@arturn thank you for answer!!
You can not use DistributionalQTFModel with the PPO trainer, because it was built for Q-Learning algorithms, which PPO is not.
- I made a type in question, what’s difference between
ParametricActionsModel(TFModelV2)
andActionMaskModel(TFModelV2)
? If I use PPOTrainer() and need simply masking actions.
The error you are referring to stems from
obs_space.shape
being None. This is because you use a Dict obs_space. You can flatten it first to gain a space that has a proper shape.
- I made flatten in model and error says:
File "/miniforge3/envs/rl/lib/python3.8/site-packages/keras/engine/input_spec.py", line 182, in assert_input_compatibility raise ValueError(f'Missing data for input "{name}". '
ValueError: Missing data for input "observations". You passed a data dictionary with keys ['obs1', 'obs2']. Expected the following keys: ['observations']
How to go further?
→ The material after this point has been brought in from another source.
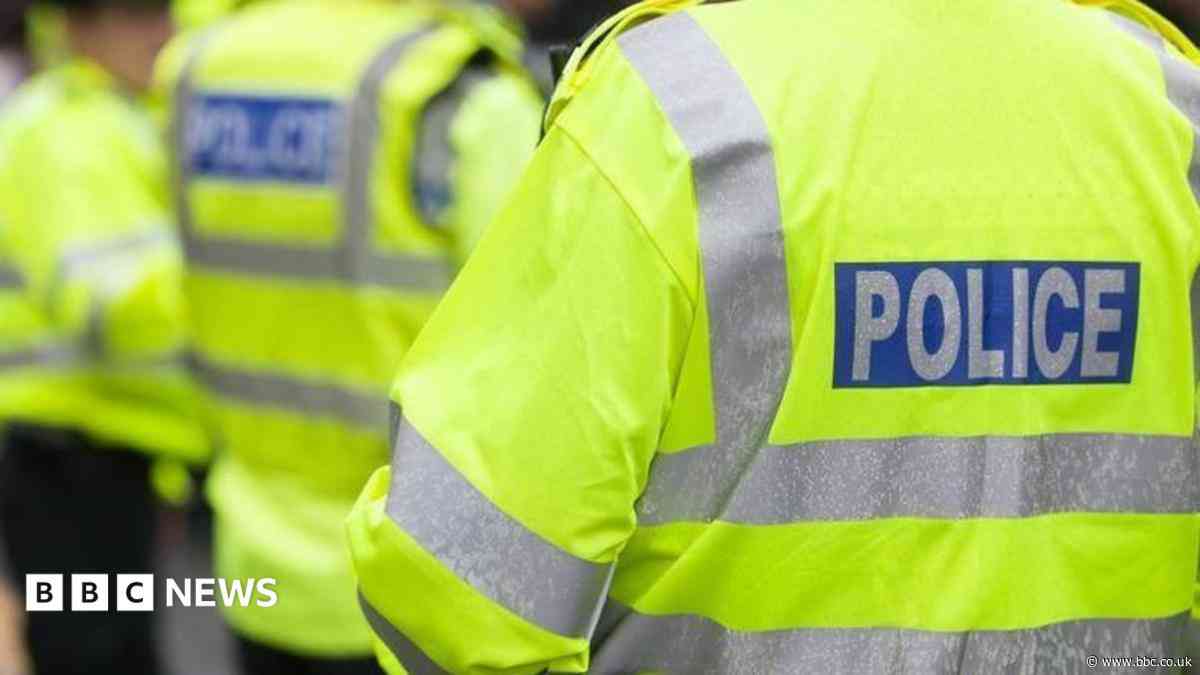 PC inappropriately accessed police records 2,000 times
It seems something is missing, I searched over all github and did not find examples how to manage this.
from gym.spaces import utils
class ActionMaskModel(TFModelV2):
...
assert (
isinstance(orig_space, Dict)
and "action_mask" in orig_space.spaces
and "actual_obs" in orig_space.spaces
)
self.internal_model = FullyConnectedNetwork(
utils.flatten_space(orig_space["actual_obs"]),
action_space,
num_outputs,
model_config,
name + "_internal",
)
class MyEnv(gym.Env):
def __init__(self):
super(MyEnv, self).__init__()
self.observation_space_dict = Dict({
"action_mask": Box(0, 1, shape=(self.actions,)),
"actual_obs": Dict({
"obs1": Discrete(5),
"obs2": Box(low=-np.inf, high=np.inf, shape=(10, 10), dtype=np.float32),
}),
})
- By the way, instead of using flatten, can I simply move
"obs1"
,"obs2"
outside"actual_obs"
?
self.observation_space = Dict({
"action_mask": Box(0, 1, shape=(3,)),
"actual_obs": Box(low=-np.inf, high=np.inf, shape=(10, 10)),
"obs1": Discrete(10),
"obs2": Discrete(10),
# ...
})
instead:
self.observation_space = Dict({
"action_mask": Box(0, 1, shape=(3,)),
"actual_obs": Dict({
"obs_box": Box(low=-np.inf, high=np.inf, shape=(10, 10)),
"obs1": Discrete(10),
"obs2": Discrete(10),
# ...
})
})
Does it make sense? Will my network work properly? I checked it and there are no errors during execution.